Adele Robey and her husband, Bruce, opened the H Street Playhouse in 2004 when the corridor east of Union Station was lined with vacant properties. Since then, nearly a dozen clubs and restaurants have moved in, and developers are building luxury housing.

In 2006, after the Robeys renovated their property, the District valued the theater at $514,000, and the assessment will top $1 million next year. Their tax payments, also doubled since 2006, will exceed $19,000 in 2008.

"Emotionally I feel sort of -- betrayed is a strong word, but it's the word I have in my conscience -- by the District," Adele Robey said. She and her husband are considering adding to the theater to build condominium apartments.

For all their angst, Stiegman and the Robeys can comfort themselves with the knowledge that they own their properties. Harry Schnipper, proprietor of Blues Alley, the venerable Georgetown jazz club, is not so fortunate.

Like many commercial leaseholders, Schnipper said he pays not only the rent but also the property taxes. In 2006, when the club, in an alley off Wisconsin Avenue NW, was assessed at $683,000, Schnipper's tax bill was more than $12,600. In 2008, the bill will approach $20,000.

Schnipper said he is prepared to move Blues Alley, which has hosted the likes of Dizzy Gillespie and Sarah Vaughn, out of Washington if the assessment continues to rise. "These kinds of places define neighborhoods," he said. "If you want to preserve the character and personality of a place, you've got to come up with a plan."
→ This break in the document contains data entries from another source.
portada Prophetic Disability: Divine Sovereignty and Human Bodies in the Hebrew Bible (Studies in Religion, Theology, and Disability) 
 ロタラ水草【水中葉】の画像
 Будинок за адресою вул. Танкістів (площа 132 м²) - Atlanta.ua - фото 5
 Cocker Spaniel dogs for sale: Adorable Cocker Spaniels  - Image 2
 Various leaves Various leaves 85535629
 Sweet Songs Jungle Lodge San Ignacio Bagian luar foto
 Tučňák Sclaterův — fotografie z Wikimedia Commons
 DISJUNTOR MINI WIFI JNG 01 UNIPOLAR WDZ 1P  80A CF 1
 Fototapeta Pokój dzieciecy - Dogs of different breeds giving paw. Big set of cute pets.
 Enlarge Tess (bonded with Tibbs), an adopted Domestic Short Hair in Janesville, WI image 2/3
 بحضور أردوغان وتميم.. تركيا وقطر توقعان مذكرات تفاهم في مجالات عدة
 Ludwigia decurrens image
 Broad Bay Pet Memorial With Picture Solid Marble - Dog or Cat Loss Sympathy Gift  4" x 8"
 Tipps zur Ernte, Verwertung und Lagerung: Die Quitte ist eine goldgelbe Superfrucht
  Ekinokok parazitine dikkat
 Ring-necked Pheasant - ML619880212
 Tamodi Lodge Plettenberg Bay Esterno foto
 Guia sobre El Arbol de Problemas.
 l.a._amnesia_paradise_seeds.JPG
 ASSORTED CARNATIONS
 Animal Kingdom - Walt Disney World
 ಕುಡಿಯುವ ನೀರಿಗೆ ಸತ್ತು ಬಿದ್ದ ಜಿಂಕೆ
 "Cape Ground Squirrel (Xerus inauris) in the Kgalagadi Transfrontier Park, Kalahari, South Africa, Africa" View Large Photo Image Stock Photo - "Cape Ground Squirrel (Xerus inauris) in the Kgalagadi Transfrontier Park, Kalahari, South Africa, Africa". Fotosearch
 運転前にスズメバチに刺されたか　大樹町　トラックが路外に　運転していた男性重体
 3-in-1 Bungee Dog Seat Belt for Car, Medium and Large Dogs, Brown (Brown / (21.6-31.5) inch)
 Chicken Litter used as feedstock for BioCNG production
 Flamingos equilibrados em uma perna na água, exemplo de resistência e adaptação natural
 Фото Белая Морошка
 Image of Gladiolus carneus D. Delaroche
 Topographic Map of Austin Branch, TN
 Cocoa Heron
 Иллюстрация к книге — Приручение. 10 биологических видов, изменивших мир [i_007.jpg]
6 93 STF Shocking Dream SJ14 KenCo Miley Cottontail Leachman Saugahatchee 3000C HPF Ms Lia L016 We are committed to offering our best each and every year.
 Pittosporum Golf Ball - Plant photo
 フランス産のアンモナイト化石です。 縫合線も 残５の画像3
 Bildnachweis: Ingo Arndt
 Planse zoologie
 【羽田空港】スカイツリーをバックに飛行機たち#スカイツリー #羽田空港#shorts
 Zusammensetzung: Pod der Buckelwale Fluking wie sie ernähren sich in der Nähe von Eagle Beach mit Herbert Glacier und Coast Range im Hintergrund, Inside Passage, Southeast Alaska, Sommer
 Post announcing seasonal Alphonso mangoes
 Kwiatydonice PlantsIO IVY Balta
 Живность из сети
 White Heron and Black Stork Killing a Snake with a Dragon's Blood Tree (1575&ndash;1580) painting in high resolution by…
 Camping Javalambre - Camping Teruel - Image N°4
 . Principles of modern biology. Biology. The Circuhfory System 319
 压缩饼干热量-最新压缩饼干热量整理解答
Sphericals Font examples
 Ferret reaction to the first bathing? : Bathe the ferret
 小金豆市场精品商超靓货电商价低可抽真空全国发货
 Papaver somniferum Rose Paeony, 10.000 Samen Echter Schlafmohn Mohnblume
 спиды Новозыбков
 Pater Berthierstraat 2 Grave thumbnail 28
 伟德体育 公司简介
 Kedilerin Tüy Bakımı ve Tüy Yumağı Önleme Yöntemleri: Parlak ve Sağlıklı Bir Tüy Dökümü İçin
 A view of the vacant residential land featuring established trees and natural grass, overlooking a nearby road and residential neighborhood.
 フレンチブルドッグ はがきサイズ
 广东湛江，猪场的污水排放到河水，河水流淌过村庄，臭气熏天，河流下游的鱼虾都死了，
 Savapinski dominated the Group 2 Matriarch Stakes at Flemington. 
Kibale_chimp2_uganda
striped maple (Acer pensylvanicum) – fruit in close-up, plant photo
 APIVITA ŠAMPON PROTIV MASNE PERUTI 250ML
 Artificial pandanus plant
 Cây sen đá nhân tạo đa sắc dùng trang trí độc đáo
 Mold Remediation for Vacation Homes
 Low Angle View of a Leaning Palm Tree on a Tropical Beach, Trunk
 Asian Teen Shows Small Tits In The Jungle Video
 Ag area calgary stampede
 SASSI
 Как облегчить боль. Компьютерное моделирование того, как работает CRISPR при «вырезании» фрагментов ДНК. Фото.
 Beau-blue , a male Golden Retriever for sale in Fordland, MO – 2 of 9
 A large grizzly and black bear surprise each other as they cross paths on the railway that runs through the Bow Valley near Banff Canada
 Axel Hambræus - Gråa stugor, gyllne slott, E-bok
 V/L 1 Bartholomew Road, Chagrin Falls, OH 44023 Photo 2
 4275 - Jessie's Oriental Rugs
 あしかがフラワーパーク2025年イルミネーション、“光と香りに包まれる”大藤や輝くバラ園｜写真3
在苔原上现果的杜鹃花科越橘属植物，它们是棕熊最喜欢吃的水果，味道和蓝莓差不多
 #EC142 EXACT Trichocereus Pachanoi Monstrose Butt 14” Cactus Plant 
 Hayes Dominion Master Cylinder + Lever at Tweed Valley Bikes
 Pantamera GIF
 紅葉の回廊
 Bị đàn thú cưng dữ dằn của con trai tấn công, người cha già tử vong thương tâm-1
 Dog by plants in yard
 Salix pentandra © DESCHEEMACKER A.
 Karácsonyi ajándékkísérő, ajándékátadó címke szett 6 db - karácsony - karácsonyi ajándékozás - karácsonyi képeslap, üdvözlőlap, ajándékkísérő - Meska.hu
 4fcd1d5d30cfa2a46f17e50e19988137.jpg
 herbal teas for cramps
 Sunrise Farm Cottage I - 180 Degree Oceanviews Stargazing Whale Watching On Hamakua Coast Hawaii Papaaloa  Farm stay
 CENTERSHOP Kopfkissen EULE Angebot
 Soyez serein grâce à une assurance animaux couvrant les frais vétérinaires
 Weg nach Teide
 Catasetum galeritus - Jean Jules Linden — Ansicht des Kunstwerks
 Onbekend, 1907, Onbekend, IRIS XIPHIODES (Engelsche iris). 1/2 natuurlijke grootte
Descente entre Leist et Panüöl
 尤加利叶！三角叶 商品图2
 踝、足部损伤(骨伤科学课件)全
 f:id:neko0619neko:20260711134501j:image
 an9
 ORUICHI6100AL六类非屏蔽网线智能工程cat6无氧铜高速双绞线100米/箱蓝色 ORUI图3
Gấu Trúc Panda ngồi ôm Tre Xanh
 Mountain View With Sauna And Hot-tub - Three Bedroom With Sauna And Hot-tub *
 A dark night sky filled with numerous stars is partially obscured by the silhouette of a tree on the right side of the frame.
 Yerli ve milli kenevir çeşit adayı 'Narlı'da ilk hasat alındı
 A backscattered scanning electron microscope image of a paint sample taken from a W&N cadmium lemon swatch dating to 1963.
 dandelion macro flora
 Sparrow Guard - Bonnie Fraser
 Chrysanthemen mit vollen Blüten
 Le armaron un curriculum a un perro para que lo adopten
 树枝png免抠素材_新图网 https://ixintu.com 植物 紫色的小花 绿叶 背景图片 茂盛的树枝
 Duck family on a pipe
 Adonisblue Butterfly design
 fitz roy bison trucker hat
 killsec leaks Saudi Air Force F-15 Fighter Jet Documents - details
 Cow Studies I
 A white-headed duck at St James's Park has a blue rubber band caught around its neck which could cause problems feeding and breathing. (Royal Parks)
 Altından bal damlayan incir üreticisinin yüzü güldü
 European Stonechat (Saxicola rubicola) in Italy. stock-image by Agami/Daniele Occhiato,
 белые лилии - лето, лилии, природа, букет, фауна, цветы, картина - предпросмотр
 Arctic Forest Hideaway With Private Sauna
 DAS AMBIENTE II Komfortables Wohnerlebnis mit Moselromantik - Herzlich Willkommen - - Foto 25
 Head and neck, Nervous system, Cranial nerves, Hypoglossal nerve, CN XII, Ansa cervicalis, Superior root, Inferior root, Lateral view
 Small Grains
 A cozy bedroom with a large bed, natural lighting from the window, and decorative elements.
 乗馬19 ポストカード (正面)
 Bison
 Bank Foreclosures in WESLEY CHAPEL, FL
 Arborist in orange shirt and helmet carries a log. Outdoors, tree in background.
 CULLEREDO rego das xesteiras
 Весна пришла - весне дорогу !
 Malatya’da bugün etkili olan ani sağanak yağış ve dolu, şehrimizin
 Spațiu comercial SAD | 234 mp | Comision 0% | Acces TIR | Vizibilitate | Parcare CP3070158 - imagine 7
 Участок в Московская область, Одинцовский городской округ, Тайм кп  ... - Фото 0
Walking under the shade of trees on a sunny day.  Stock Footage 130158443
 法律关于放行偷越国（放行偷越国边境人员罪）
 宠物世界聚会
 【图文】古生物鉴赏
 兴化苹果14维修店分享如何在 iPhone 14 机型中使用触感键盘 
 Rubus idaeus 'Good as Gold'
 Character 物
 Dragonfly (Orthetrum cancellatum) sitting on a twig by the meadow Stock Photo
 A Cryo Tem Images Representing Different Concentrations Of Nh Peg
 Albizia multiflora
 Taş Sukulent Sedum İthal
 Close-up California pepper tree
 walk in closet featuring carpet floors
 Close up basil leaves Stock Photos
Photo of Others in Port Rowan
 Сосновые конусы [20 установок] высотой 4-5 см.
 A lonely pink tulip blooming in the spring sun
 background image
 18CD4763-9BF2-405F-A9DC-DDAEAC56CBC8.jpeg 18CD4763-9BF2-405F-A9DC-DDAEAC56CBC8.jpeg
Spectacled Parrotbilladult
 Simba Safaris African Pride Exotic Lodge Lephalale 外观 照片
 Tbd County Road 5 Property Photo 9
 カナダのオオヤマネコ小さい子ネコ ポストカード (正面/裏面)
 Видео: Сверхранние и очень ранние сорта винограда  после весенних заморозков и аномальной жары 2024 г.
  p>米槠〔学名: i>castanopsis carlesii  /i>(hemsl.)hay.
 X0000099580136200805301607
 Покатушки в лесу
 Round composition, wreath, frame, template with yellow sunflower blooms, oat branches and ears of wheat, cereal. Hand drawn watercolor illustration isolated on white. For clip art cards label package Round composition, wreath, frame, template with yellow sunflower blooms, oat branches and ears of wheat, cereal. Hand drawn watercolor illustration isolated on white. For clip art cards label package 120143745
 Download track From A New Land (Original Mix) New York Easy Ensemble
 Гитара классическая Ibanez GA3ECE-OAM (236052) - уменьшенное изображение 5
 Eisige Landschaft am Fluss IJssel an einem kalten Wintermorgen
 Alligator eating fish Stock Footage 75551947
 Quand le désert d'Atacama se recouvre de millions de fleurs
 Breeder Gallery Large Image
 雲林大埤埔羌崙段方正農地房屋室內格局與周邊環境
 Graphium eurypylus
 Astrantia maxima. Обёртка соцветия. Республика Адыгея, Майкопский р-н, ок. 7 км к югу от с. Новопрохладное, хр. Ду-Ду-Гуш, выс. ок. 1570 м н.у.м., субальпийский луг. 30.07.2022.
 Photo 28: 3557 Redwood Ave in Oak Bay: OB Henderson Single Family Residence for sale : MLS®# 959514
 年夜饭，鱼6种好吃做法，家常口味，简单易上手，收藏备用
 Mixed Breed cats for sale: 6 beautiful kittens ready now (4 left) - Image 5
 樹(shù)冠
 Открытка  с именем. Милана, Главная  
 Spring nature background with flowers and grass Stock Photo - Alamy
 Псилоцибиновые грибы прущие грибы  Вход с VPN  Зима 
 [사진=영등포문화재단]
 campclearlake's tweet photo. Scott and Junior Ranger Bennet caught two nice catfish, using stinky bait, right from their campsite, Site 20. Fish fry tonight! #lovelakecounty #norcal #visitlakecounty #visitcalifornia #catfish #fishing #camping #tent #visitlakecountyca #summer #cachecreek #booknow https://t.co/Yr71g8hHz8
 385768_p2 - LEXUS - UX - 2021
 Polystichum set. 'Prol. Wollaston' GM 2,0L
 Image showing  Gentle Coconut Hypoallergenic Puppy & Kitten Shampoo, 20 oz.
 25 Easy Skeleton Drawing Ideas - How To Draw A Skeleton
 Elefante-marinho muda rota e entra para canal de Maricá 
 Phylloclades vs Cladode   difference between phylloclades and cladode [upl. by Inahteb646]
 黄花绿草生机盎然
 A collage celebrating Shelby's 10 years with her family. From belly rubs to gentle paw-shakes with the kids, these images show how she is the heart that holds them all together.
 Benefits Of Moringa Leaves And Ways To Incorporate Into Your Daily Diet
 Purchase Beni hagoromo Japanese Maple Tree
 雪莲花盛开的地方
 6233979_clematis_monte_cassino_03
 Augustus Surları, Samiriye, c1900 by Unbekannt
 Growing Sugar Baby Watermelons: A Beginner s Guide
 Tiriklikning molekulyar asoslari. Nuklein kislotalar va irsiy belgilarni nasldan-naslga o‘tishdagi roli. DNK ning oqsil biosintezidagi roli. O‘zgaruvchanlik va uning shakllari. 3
For decades, developers gravitated to the suburbs as residents migrated from crime-plagued and financially stressed cities such as Washington and New York. But in the 1990s, as crime rates declined and land in outlying areas was developed, investors started returning to cities, triggering a wave of construction, driving up land prices and attracting the kind of retailers that had gravitated to the suburbs.

In Manhattan, for example, avenues from Broadway to Lexington have been taken over by chain drugstores, bank branches and coffee bars, blurring the line between city and suburb and fostering concerns that what traditionally defines an urban area is fading.

"If the city looks like the suburbs, where's the sense of metropolis, and all those things associated with it -- the mix and diversity?" asked Jerilou Hammett, an editor of the recently published "The Suburbanization of New York: Is the World's Greatest City Becoming Just Another Town?"

In Washington, commercial property values rose nearly 28 percent, on average, from 2006 to 2007, District records show. The average increase for 2008 is 21 percent.

The jump has been more dramatic in some neighborhoods, including Columbia Heights, where the increase was nearly 50 percent from 2006 to 2007, and Trinidad, where it was 42 percent. The edges of Capitol Hill -- H Street, Barracks Row, the Navy Yard -- experienced a surge of 77 percent in that period.